The hyperparameters reported by Mnih et al. (2015) for the Atari benchmark are a good starting point in practice: replay buffer capacity $N = 10^6$, mini-batch size 32, target-sync period $C = 10{,}000$ updates, discount $\gamma = 0.99$, and an $\epsilon$ that is annealed linearly from 1.0 to 0.1 over the first million frames and held fixed thereafter. The optimizer is RMSProp with a learning rate on the order of $2.5 \times 10^{-4}$. Rewards are clipped to $\{-1, 0, +1\}$ to keep gradient magnitudes comparable across games.

The Atari Breakthrough¶

The significance of DQN is not in any single one of these ideas — neural-network function approximation, experience replay, TD-style losses, and convolutional nets all existed before. The significance is that putting them together produced the first agent that learned to play 49 Atari 2600 games at or above human level directly from raw pixels, using a single architecture, a single set of hyperparameters, and only the game score as a reward signal Mnih et al., 2015. Before DQN, reinforcement learning with neural networks was a niche, unstable affair. After DQN, deep RL became a full research subfield.

Extensions¶

DQN has been refined in many directions since 2015, each addressing a specific limitation. Double DQN Hasselt et al., 2016 decouples action selection from action evaluation in the max operator to reduce the well-known overestimation bias of standard Q-Learning. Prioritized Experience Replay Schaul et al., 2016 samples transitions from $\mathcal{D}$ with probability proportional to their TD error instead of uniformly, focusing learning on the most informative experiences. Dueling DQN Wang et al., 2016 factorizes $Q_\theta$ into a state-value stream and an advantage stream, improving learning in states where the choice of action matters little. Rainbow Hessel et al., 2018 combines these and three further improvements into a single agent that substantially outperforms vanilla DQN.

Summary¶

This chapter took the step from tabular Q-Learning to deep reinforcement learning:

• Function approximation with neural networks replaces the Q-table with $Q_\theta(s, a)$. It makes high-dimensional state spaces tractable and gives us generalization between similar states for free.

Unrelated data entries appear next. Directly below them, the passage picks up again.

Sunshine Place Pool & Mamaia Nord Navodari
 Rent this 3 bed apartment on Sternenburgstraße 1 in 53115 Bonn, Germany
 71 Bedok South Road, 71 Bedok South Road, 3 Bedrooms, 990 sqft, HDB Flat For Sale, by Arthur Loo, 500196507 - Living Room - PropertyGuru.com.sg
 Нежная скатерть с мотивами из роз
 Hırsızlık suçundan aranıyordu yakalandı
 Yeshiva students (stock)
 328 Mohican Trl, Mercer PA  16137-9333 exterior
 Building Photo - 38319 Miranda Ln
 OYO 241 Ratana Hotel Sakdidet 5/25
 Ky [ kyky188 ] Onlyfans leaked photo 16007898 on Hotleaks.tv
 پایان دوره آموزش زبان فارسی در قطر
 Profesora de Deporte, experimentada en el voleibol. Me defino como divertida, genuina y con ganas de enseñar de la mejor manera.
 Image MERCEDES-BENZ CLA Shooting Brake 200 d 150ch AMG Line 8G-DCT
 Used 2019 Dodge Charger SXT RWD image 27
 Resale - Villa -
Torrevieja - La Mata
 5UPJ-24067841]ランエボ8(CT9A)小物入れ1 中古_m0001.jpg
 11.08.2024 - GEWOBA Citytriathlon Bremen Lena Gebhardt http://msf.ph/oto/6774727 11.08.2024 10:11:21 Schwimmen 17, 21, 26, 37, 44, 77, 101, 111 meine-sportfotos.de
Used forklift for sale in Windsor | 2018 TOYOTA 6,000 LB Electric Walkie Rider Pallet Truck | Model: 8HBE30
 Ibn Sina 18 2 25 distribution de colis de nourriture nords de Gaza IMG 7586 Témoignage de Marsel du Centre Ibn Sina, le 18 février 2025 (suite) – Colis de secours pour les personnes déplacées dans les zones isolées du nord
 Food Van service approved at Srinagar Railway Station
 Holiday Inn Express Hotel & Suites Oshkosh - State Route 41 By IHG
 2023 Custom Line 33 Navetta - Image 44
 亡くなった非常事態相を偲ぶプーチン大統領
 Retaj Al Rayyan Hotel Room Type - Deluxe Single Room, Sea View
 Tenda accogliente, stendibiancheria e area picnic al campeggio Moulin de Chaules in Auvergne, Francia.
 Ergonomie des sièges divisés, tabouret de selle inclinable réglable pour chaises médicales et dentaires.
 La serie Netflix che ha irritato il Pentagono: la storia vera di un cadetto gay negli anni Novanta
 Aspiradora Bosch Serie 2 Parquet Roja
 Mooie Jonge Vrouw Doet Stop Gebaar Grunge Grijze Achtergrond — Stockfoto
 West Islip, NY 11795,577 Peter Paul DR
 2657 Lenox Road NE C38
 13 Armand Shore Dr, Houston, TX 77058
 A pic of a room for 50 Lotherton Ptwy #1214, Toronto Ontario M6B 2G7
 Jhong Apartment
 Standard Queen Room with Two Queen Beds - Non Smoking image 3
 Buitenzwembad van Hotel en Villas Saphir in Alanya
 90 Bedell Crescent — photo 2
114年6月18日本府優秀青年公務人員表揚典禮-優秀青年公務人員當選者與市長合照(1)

• Naive deep Q-Learning is unstable. Consecutive transitions are correlated, and the TD target depends on the parameters being optimized — a feedback loop that causes divergence.

• Experience replay stores past transitions in a buffer and trains on uniform random mini-batches. It decorrelates samples, reuses data, and smooths the training distribution. It requires an off-policy algorithm such as Q-Learning.

• Target networks evaluate the TD target with a frozen copy $\theta^-$ of the parameters, synchronized to $\theta$ every $C$ steps. They make the regression targets locally stationary, removing the self-referential feedback loop.

Together, these ideas turn Q-Learning into the DQN algorithm Mnih et al., 2015 that learns Atari from pixels. In the next chapter we leave value-based methods behind and look at policy-based methods, starting with the REINFORCE algorithm — a different way of parameterising and optimizing the agent, one that extends naturally to continuous action spaces where $\arg\max_a Q_\theta(s, a)$ is no longer tractable.